The entire chapter is filled with questions. I think the questions are great for helping anyone to take a personal inventory of their own life. As a missionary, I frequently shared verse 14. I always thought it was a good verse for asking yourself if you've truly embraced the teachings of Christ, "[H]ave ye spiritually been born of God? Have ye received his image in your countenances? Have ye experienced this mighty change in your hearts?"
I think those are the most poignant questions in the entire chapter, but this time I decided to let Alma interview me all the way through. I encourage anyone to do this. To really do it thoroughly, it could take a good chunk of time, but I think it's worth it. Some of the questions are pretty easy. When he asks whether you are a murderer, you'll probably be able to answer fairly quickly that you're not.
But when he asks if you've been stripped of pride or stripped of envy those may be more difficult questions, at least they were for me. I don't think of myself as particularly prideful or envious, but am I completely stripped of those traits? Well, you can probably guess the answer, but I'll just say that there was some serious introspection there.

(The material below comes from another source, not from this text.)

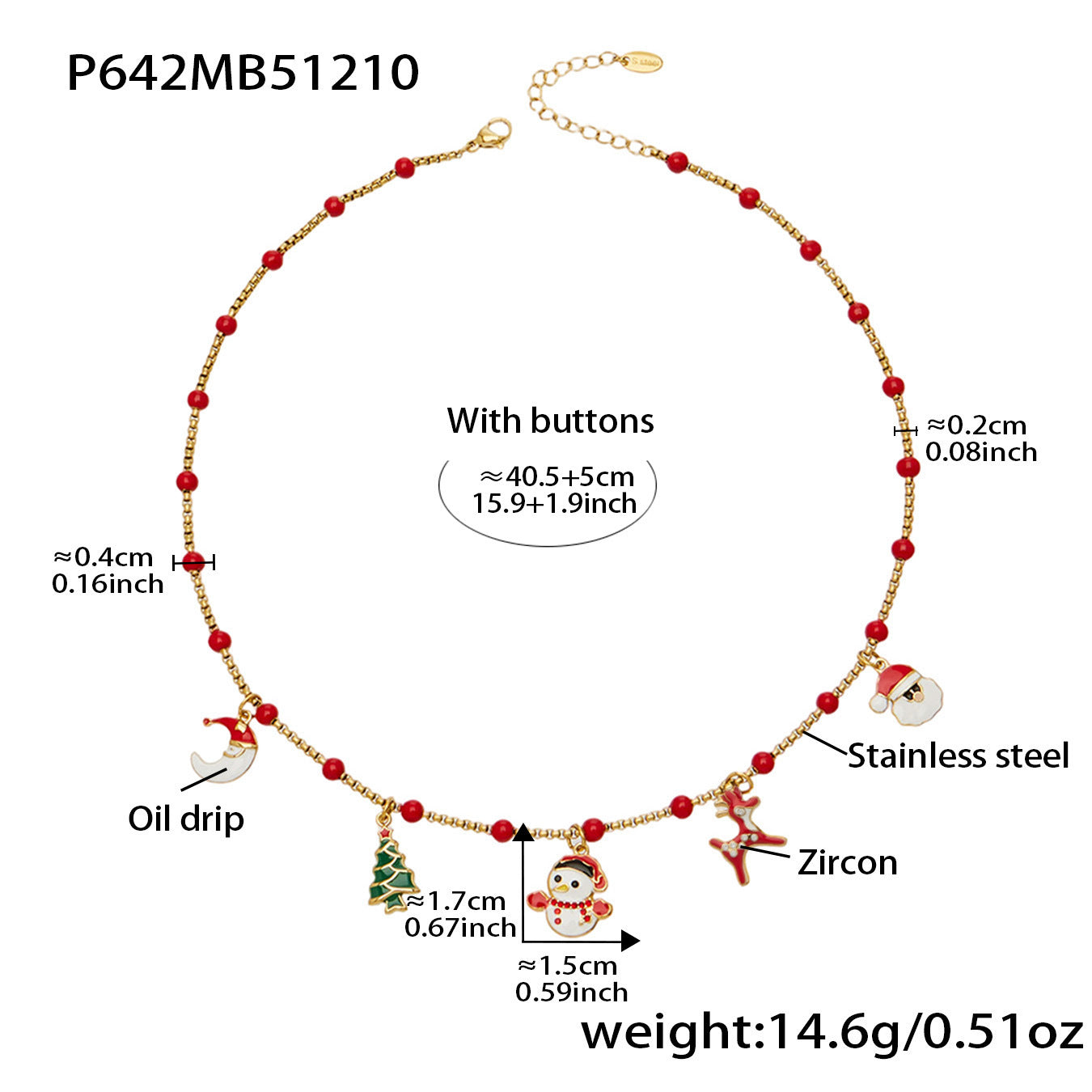 316L stainless steel Christmas charm beaded necklace size chart P642 with red beads, snowman tree reindeer charms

But as I read on, I came to a verse that I've read a billion times before, but it struck me in a new way this time. In verse 26 there is a follow up question to my favorite question from verse 14. It asks, "[I]f ye have experienced a change of heart, and if ye have felt to sing the song of redeeming love, I would ask, can ye feel so now?"
Can ye feel so now?
I remember working with people as a missionary who had, for one reason or another, fallen away from the church. These were people who had served missions and had once been very strong. At the time I wondered how they could have felt as I did and yet they fell away? But then, as I truly pondered this question, I realized that there had been moments in my life when I would have to answer "no".
It was an eye opening experience for me. I've been over this chapter many times before, but this time it just struck me differently. I would encourage everyone to do a little interview with my good friend Alma. He's got some great questions. Have you experienced a change in your heart? Do you feel the redeeming love of Christ? Do you feel so now?